== ACTIVITY ==
Without pictures, output exactly the lines running from the line containing "Большой Гвардейский флаг Морской пехоты БФ" to the end of the listing below.

== DATA FOR ANALYSIS ==
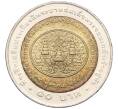 Монета 10 бат 2004 года (BE 2547) Таиланд «200 лет со дня рождения Короля Рамы IV» (Артикул T11-03505)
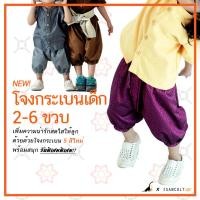 ราคา โจงกระเบนเด็ก 2-6 ขวบ ❤️ แบบที่ 2 ผ้าทอลูกแก้ว เด็กชาย เด็กหญิง สวย น่ารัก ชุดไทยโจงกระเบน ไม่มีพลาด Dinodino x isancult (2605083531)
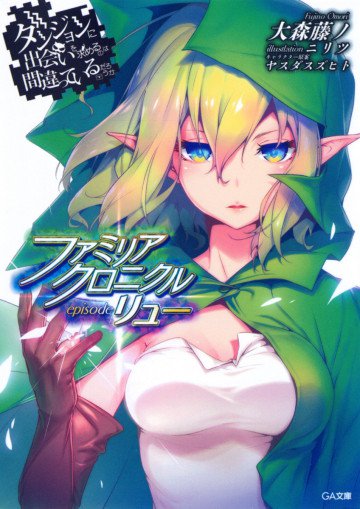 ダンジョンに出会いを求めるのは間違っているだろうか ファミリアクロニクル episodeリュー 1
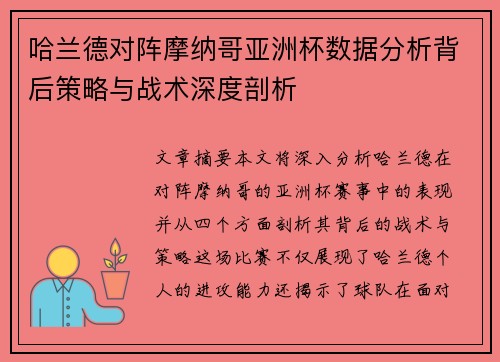 哈兰德对阵摩纳哥亚洲杯数据分析背后策略与战术深度剖析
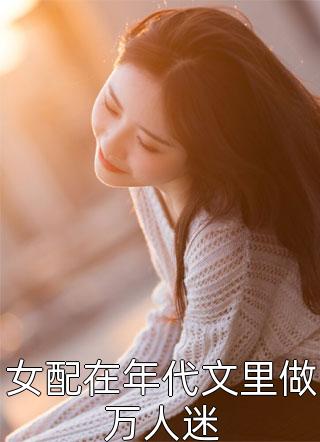 免费小说完整版女扮男装后，权少狠爱不分手厉云铮顾明烟_女扮男装后，权少狠爱不分手厉云铮顾明烟完整免费小说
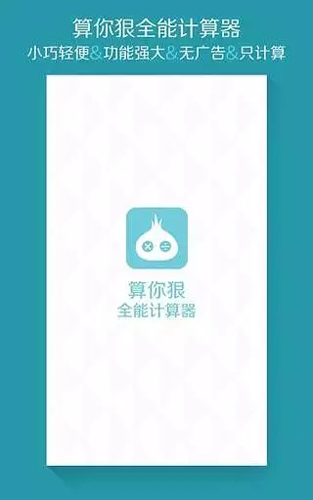 算你狠全能计算器app截图1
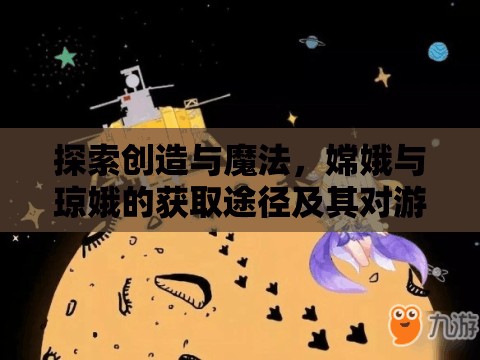 探索创造与魔法，嫦娥与琼娥的获取途径及其对游戏资源管理的战略意义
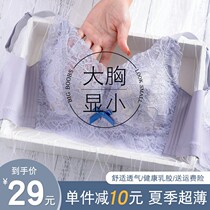 Latex underwear womens summer thin chest small bra large size no steel ring gathered to collect the auxiliary milk anti-sagging bra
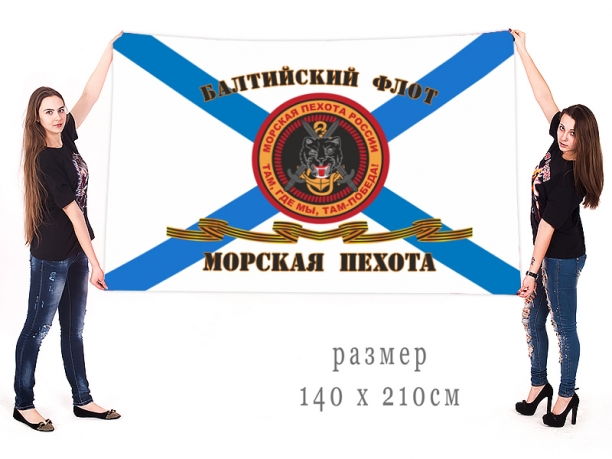 Большой Гвардейский флаг Морской пехоты БФ 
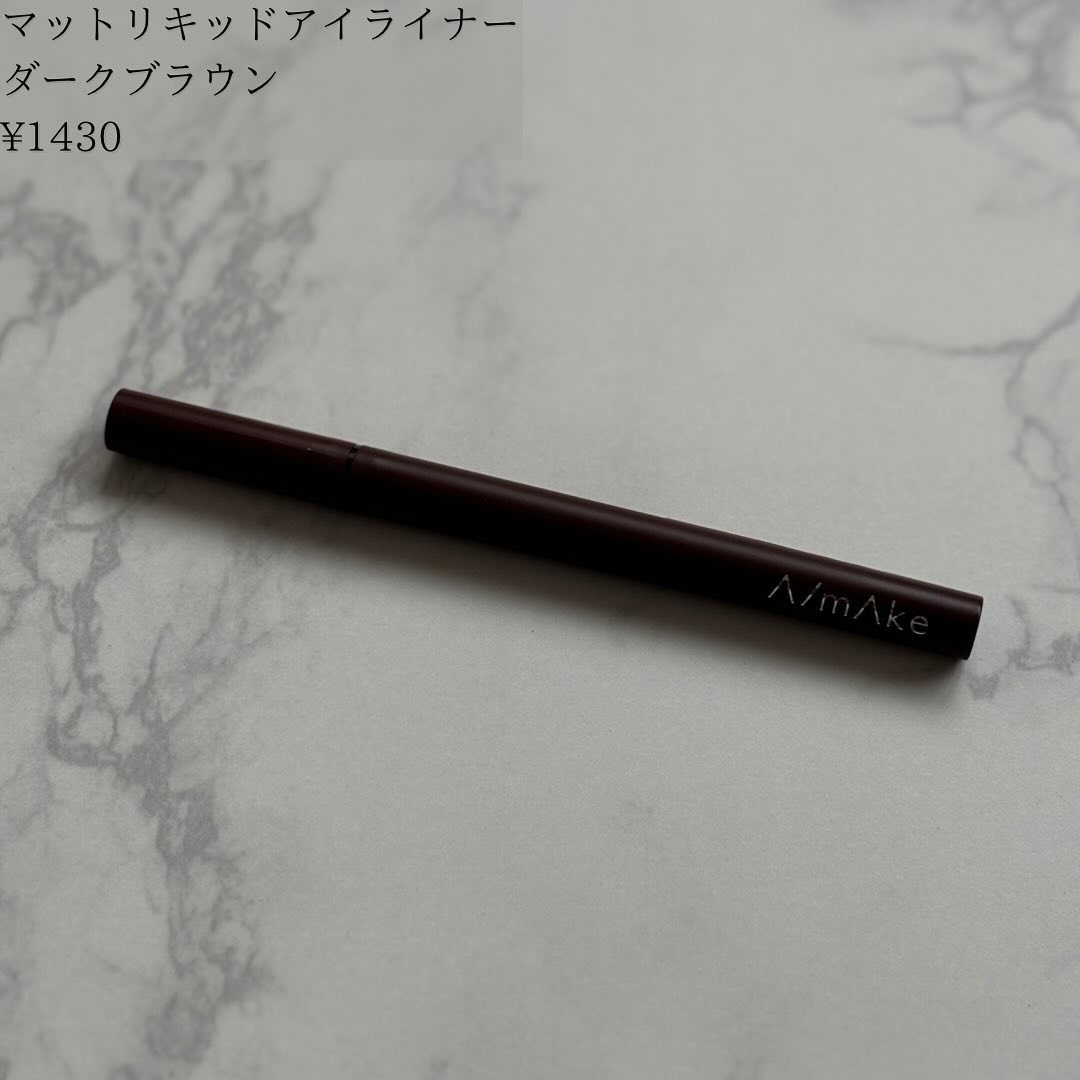 エーメイク マットリキッドアイライナー /A/mAke/リキッドアイライナーを使ったクチコミ（2枚目）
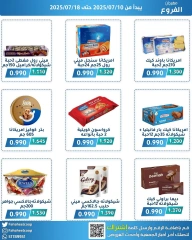 Page 11 |Branches Festival Offers at Fahaheel co-op Kuwait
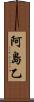 阿島乙 Scroll
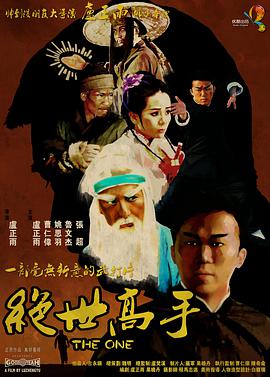 午夜中福利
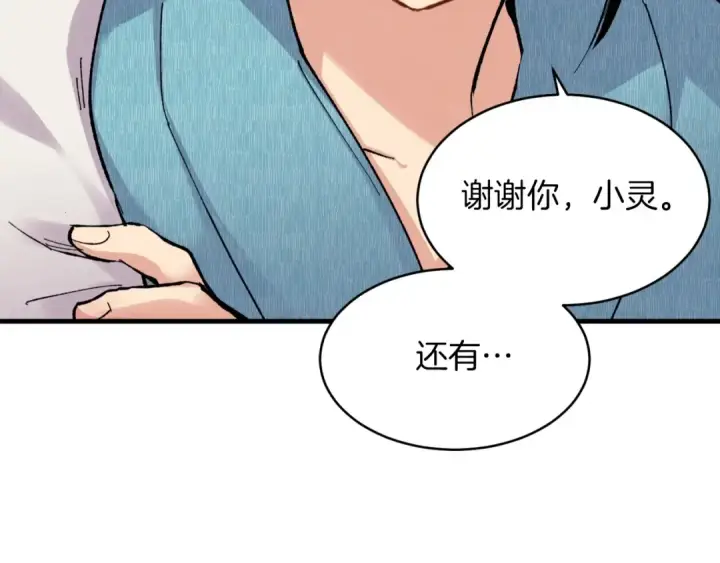 漫画《飞雷刀》第36话 男儿的身份暴露了第124张图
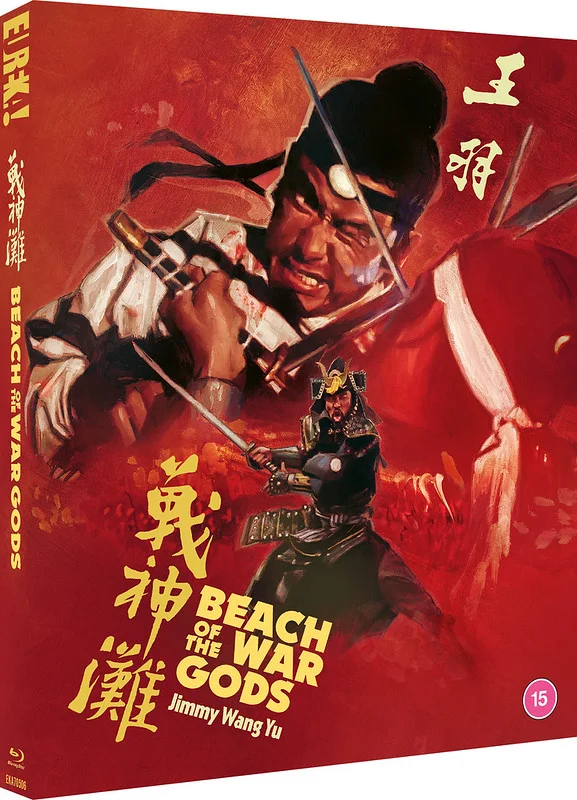 Blu-ray
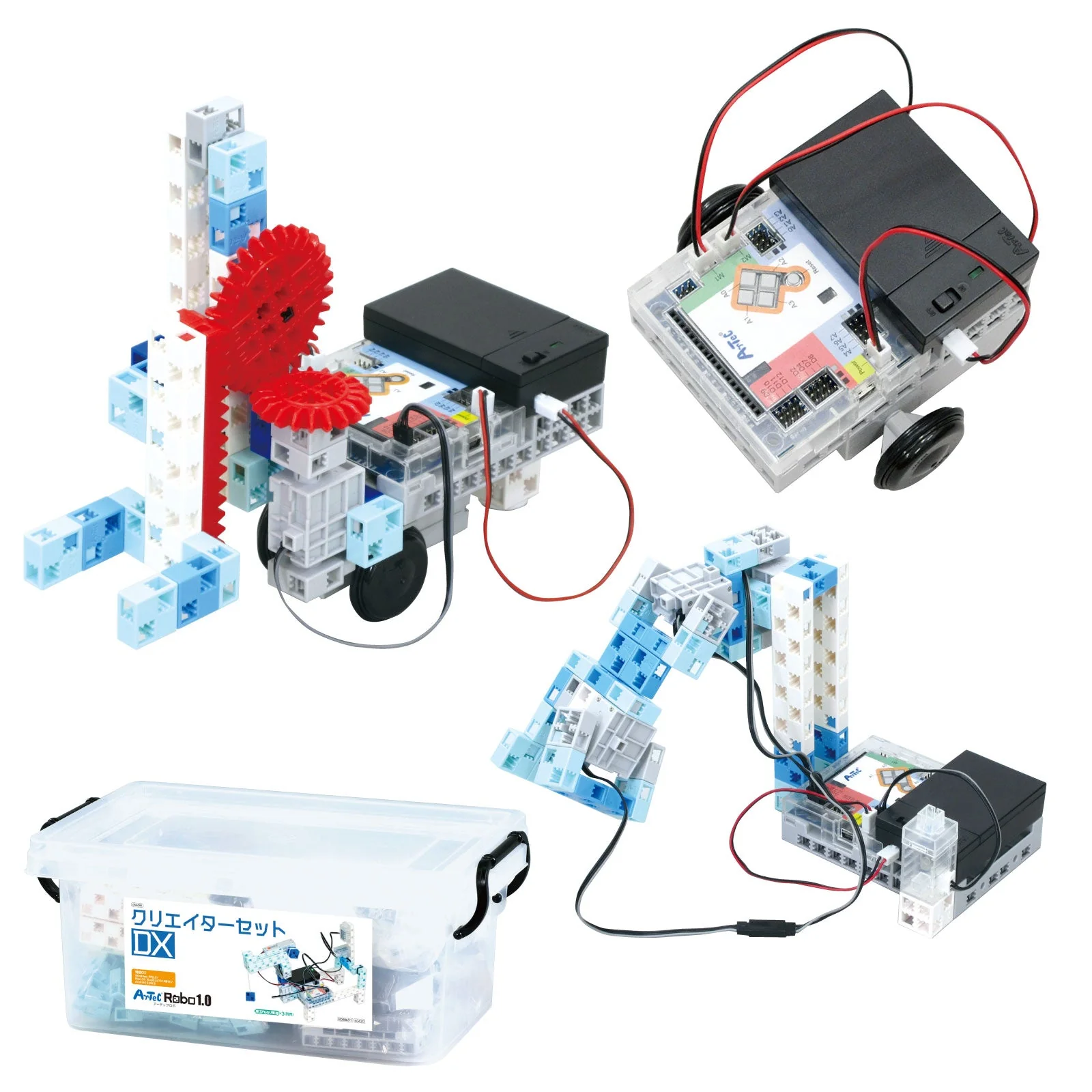 Artec Robo 1.0 Creator Set DX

== RESPONSE AREA ==
 Большой Гвардейский флаг Морской пехоты БФ 
 エーメイク マットリキッドアイライナー /A/mAke/リキッドアイライナーを使ったクチコミ（2枚目）
 Page 11 |Branches Festival Offers at Fahaheel co-op Kuwait
 阿島乙 Scroll
 午夜中福利
 漫画《飞雷刀》第36话 男儿的身份暴露了第124张图
 Blu-ray
 Artec Robo 1.0 Creator Set DX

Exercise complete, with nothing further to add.